Available data
· · · ·
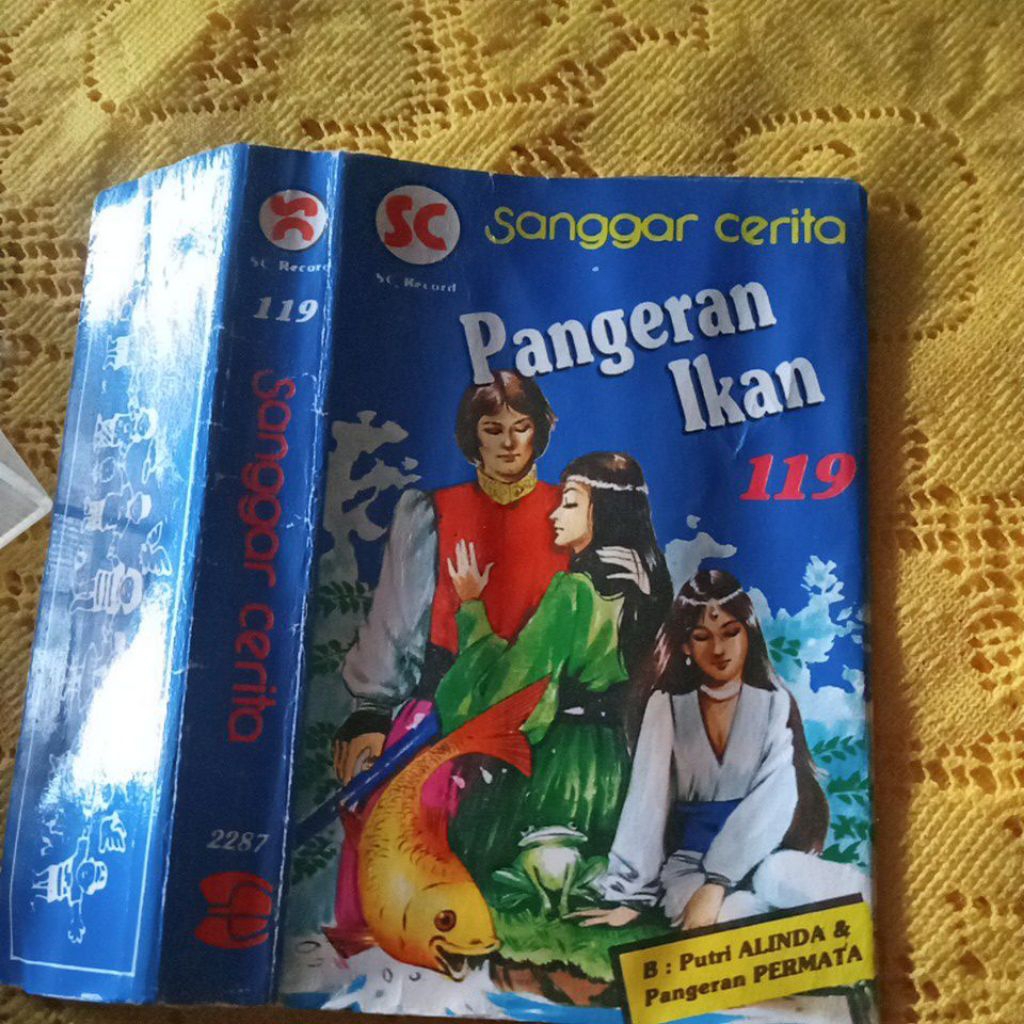 kaset pita SANGGAR CERITA AA084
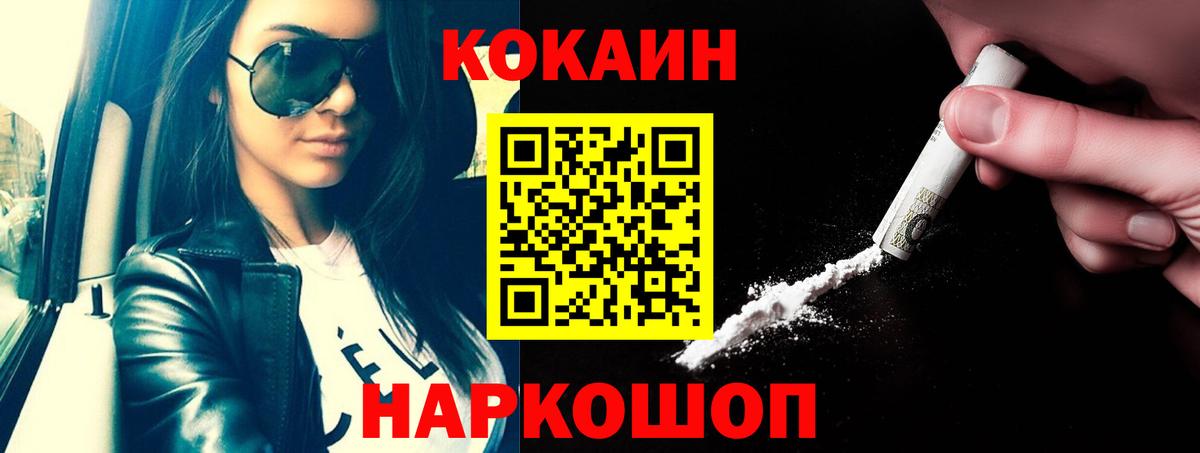 КОКАИН Эквадор Гуково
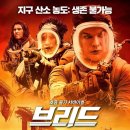 브리드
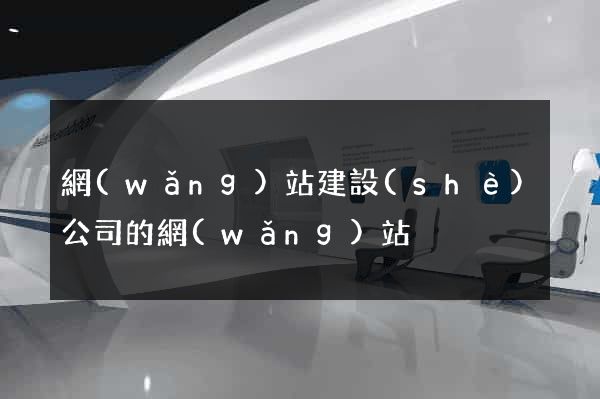 網(wǎng)站建設(shè)公司的網(wǎng)站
· · · ·
Please make an exact copy of the whole listing and leave out its pictures.

Output of the exercise
 kaset pita SANGGAR CERITA AA084
 КОКАИН Эквадор Гуково
 브리드
 網(wǎng)站建設(shè)公司的網(wǎng)站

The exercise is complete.